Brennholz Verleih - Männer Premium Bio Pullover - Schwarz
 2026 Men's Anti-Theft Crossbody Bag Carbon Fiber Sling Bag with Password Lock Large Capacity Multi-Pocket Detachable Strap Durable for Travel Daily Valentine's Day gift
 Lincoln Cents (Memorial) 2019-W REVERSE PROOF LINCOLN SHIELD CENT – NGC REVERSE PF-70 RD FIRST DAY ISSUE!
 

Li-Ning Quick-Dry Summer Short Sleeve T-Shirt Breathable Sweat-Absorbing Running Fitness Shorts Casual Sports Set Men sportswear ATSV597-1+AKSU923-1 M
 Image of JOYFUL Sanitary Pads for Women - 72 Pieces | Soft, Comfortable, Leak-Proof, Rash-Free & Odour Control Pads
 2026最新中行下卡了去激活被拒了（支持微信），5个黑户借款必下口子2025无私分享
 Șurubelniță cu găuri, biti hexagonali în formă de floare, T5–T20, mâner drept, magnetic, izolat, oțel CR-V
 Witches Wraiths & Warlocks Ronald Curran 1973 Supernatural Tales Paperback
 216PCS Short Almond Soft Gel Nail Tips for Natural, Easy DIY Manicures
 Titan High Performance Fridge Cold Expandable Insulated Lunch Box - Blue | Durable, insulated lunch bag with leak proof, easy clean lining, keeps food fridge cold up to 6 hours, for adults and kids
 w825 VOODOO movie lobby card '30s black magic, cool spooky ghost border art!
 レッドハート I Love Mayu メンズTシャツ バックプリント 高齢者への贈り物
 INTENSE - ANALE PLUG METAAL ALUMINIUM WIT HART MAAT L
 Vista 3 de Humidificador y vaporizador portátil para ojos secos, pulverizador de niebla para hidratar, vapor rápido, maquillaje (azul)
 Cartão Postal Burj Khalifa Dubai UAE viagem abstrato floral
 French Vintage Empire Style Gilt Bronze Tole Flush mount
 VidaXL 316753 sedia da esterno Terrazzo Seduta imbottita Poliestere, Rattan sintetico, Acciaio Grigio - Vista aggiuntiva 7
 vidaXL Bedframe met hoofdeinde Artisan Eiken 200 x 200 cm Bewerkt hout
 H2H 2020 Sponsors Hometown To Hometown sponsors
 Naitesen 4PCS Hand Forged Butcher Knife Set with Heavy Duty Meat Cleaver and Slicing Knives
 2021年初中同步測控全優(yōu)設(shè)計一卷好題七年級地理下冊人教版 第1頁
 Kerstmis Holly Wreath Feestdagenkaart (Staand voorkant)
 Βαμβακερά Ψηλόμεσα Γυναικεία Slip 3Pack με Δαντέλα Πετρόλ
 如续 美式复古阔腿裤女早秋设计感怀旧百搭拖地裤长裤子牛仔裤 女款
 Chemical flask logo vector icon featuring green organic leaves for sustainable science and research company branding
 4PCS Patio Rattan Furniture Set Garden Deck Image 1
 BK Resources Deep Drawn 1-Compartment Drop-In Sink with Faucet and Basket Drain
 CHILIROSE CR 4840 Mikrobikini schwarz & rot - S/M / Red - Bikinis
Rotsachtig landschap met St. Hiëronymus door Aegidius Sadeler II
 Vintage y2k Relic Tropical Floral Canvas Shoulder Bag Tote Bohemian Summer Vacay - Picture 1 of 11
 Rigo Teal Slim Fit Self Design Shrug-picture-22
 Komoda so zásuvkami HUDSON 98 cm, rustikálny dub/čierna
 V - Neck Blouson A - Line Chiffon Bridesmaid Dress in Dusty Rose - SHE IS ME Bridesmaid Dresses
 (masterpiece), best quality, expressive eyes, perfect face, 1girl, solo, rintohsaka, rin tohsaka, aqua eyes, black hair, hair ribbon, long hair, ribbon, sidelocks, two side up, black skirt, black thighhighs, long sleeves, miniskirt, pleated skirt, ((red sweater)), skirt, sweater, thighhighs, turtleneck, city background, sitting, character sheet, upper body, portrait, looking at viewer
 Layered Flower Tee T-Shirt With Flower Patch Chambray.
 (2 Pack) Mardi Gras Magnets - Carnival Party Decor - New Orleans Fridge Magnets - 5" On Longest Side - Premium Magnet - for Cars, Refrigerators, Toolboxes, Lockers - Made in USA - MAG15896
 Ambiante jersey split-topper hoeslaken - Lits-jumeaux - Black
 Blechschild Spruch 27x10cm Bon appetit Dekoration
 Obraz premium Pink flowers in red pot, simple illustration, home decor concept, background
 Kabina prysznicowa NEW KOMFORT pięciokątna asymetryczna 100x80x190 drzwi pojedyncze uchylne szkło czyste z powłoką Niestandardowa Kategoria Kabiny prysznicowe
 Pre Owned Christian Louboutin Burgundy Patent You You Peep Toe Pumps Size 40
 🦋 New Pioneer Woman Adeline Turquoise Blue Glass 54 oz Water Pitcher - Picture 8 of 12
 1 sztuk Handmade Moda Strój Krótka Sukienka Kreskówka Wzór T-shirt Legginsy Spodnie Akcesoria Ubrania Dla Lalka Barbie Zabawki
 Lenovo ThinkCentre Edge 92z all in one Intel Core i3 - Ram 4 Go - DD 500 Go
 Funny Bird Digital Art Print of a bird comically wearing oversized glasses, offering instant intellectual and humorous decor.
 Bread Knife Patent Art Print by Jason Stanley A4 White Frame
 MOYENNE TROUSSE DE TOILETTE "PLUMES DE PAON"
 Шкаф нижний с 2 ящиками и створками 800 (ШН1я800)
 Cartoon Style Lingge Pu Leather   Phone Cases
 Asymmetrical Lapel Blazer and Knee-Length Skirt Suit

---

EXERCISE - Write out every entry above, word for word.

RESPONSE AREA -
Brennholz Verleih - Männer Premium Bio Pullover - Schwarz
 2026 Men's Anti-Theft Crossbody Bag Carbon Fiber Sling Bag with Password Lock Large Capacity Multi-Pocket Detachable Strap Durable for Travel Daily Valentine's Day gift
 Lincoln Cents (Memorial) 2019-W REVERSE PROOF LINCOLN SHIELD CENT – NGC REVERSE PF-70 RD FIRST DAY ISSUE!
 

Li-Ning Quick-Dry Summer Short Sleeve T-Shirt Breathable Sweat-Absorbing Running Fitness Shorts Casual Sports Set Men sportswear ATSV597-1+AKSU923-1 M
 Image of JOYFUL Sanitary Pads for Women - 72 Pieces | Soft, Comfortable, Leak-Proof, Rash-Free & Odour Control Pads
 2026最新中行下卡了去激活被拒了（支持微信），5个黑户借款必下口子2025无私分享
 Șurubelniță cu găuri, biti hexagonali în formă de floare, T5–T20, mâner drept, magnetic, izolat, oțel CR-V
 Witches Wraiths & Warlocks Ronald Curran 1973 Supernatural Tales Paperback
 216PCS Short Almond Soft Gel Nail Tips for Natural, Easy DIY Manicures
 Titan High Performance Fridge Cold Expandable Insulated Lunch Box - Blue | Durable, insulated lunch bag with leak proof, easy clean lining, keeps food fridge cold up to 6 hours, for adults and kids
 w825 VOODOO movie lobby card '30s black magic, cool spooky ghost border art!
 レッドハート I Love Mayu メンズTシャツ バックプリント 高齢者への贈り物
 INTENSE - ANALE PLUG METAAL ALUMINIUM WIT HART MAAT L
 Vista 3 de Humidificador y vaporizador portátil para ojos secos, pulverizador de niebla para hidratar, vapor rápido, maquillaje (azul)
 Cartão Postal Burj Khalifa Dubai UAE viagem abstrato floral
 French Vintage Empire Style Gilt Bronze Tole Flush mount
 VidaXL 316753 sedia da esterno Terrazzo Seduta imbottita Poliestere, Rattan sintetico, Acciaio Grigio - Vista aggiuntiva 7
 vidaXL Bedframe met hoofdeinde Artisan Eiken 200 x 200 cm Bewerkt hout
 H2H 2020 Sponsors Hometown To Hometown sponsors
 Naitesen 4PCS Hand Forged Butcher Knife Set with Heavy Duty Meat Cleaver and Slicing Knives
 2021年初中同步測控全優(yōu)設(shè)計一卷好題七年級地理下冊人教版 第1頁
 Kerstmis Holly Wreath Feestdagenkaart (Staand voorkant)
 Βαμβακερά Ψηλόμεσα Γυναικεία Slip 3Pack με Δαντέλα Πετρόλ
 如续 美式复古阔腿裤女早秋设计感怀旧百搭拖地裤长裤子牛仔裤 女款
 Chemical flask logo vector icon featuring green organic leaves for sustainable science and research company branding
 4PCS Patio Rattan Furniture Set Garden Deck Image 1
 BK Resources Deep Drawn 1-Compartment Drop-In Sink with Faucet and Basket Drain
 CHILIROSE CR 4840 Mikrobikini schwarz & rot - S/M / Red - Bikinis
Rotsachtig landschap met St. Hiëronymus door Aegidius Sadeler II
 Vintage y2k Relic Tropical Floral Canvas Shoulder Bag Tote Bohemian Summer Vacay - Picture 1 of 11
 Rigo Teal Slim Fit Self Design Shrug-picture-22
 Komoda so zásuvkami HUDSON 98 cm, rustikálny dub/čierna
 V - Neck Blouson A - Line Chiffon Bridesmaid Dress in Dusty Rose - SHE IS ME Bridesmaid Dresses
 (masterpiece), best quality, expressive eyes, perfect face, 1girl, solo, rintohsaka, rin tohsaka, aqua eyes, black hair, hair ribbon, long hair, ribbon, sidelocks, two side up, black skirt, black thighhighs, long sleeves, miniskirt, pleated skirt, ((red sweater)), skirt, sweater, thighhighs, turtleneck, city background, sitting, character sheet, upper body, portrait, looking at viewer
 Layered Flower Tee T-Shirt With Flower Patch Chambray.
 (2 Pack) Mardi Gras Magnets - Carnival Party Decor - New Orleans Fridge Magnets - 5" On Longest Side - Premium Magnet - for Cars, Refrigerators, Toolboxes, Lockers - Made in USA - MAG15896
 Ambiante jersey split-topper hoeslaken - Lits-jumeaux - Black
 Blechschild Spruch 27x10cm Bon appetit Dekoration
 Obraz premium Pink flowers in red pot, simple illustration, home decor concept, background
 Kabina prysznicowa NEW KOMFORT pięciokątna asymetryczna 100x80x190 drzwi pojedyncze uchylne szkło czyste z powłoką Niestandardowa Kategoria Kabiny prysznicowe
 Pre Owned Christian Louboutin Burgundy Patent You You Peep Toe Pumps Size 40
 🦋 New Pioneer Woman Adeline Turquoise Blue Glass 54 oz Water Pitcher - Picture 8 of 12
 1 sztuk Handmade Moda Strój Krótka Sukienka Kreskówka Wzór T-shirt Legginsy Spodnie Akcesoria Ubrania Dla Lalka Barbie Zabawki
 Lenovo ThinkCentre Edge 92z all in one Intel Core i3 - Ram 4 Go - DD 500 Go
 Funny Bird Digital Art Print of a bird comically wearing oversized glasses, offering instant intellectual and humorous decor.
 Bread Knife Patent Art Print by Jason Stanley A4 White Frame
 MOYENNE TROUSSE DE TOILETTE "PLUMES DE PAON"
 Шкаф нижний с 2 ящиками и створками 800 (ШН1я800)
 Cartoon Style Lingge Pu Leather   Phone Cases
 Asymmetrical Lapel Blazer and Knee-Length Skirt Suit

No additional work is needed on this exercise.